Catching Shadows: Kepler's Year-Two Transit Census
COFFEE_KLATCH · Invited
Abstract
Launched in March, 2009, NASA's Kepler Mission is poised to determine the abundance of earth-size planets in the Galaxy. The project has hosted two major data releases, providing the astronomical community with four months of nearly continuous, high-precision photometry of all stars targeted as part of the Kepler planet search. A catalog of nearly 1,000 stars with transiting planet candidates, more than 70\% of which are smaller than Neptune, accompanied the data release (Borucki et al. 2011). Ground-based follow-up observations, transit timing observations, and blend analyses have all played a major role in validating the planet interpretation, leading to major mission milestones such as the discovery of Kepler's first rocky planet, Kepler-10b, and the discovery of six transiting planets orbiting the same star, Kepler-11. Multiple transiting planet candidate systems are abundant in the released data.
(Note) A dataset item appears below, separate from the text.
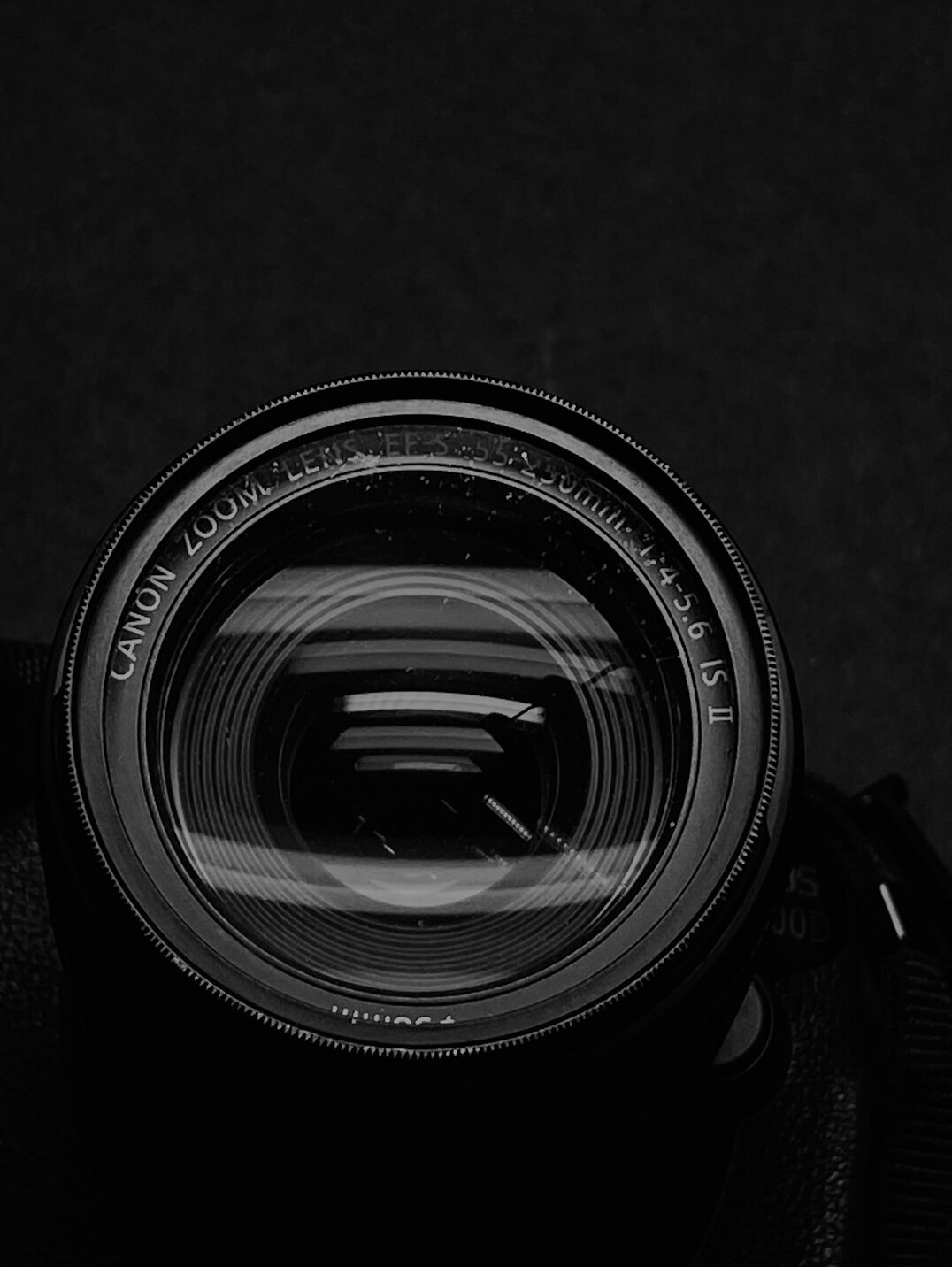 Close-up of a camera lens with reflections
Dynamical studies suggest that the false-positive rate for these systems will likely be less than 10\%, and the potential for determining planet masses via transit timing variations hold much promise for confirming the smallest planet candidates. I will present an overview of Kepler's recent discoveries and our progress towards the ultimate objective which is to determine the frequency of habitable, earth-size planets.